• **Input data**:
###
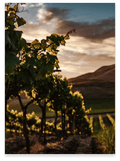 Pietreionne Wine experience Master Falanghina del Sannio in verticale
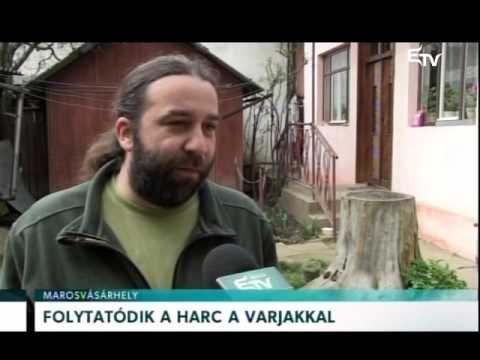 Híradó 2016. április 1. – Erdélyi Magyar Televízió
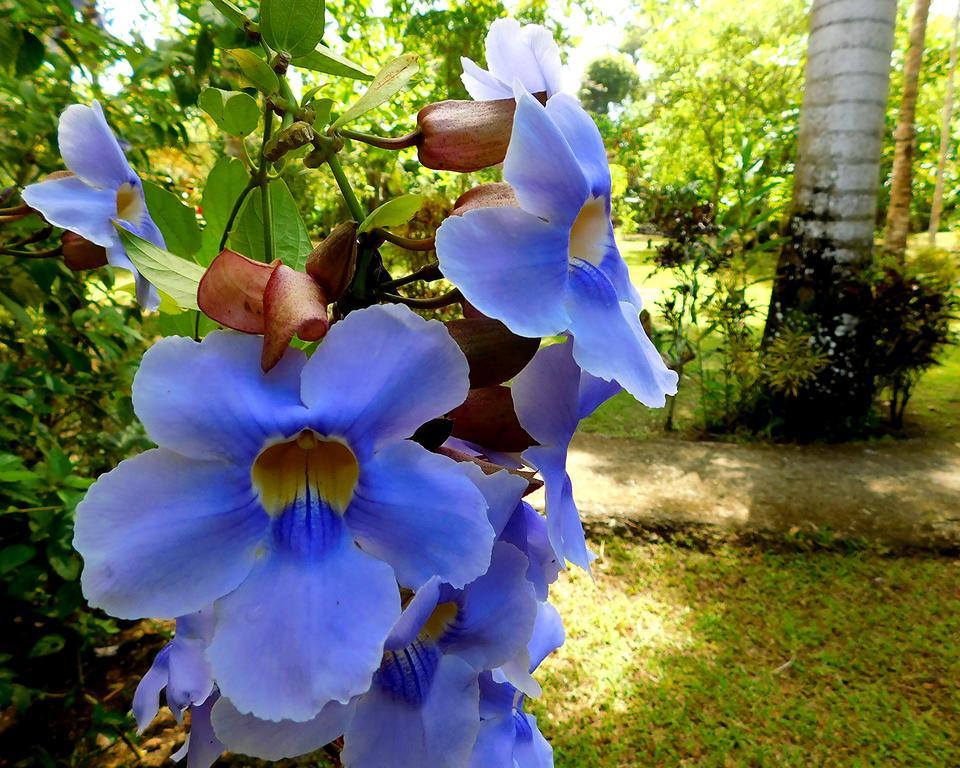 Green Corner Cahuita Εξωτερικό φωτογραφία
###
• **Aim of the exercise**: All of the data must be set down exactly, with no pictures included.

• **Worked solution**:
 Pietreionne Wine experience Master Falanghina del Sannio in verticale
 Híradó 2016. április 1. – Erdélyi Magyar Televízió
 Green Corner Cahuita Εξωτερικό φωτογραφία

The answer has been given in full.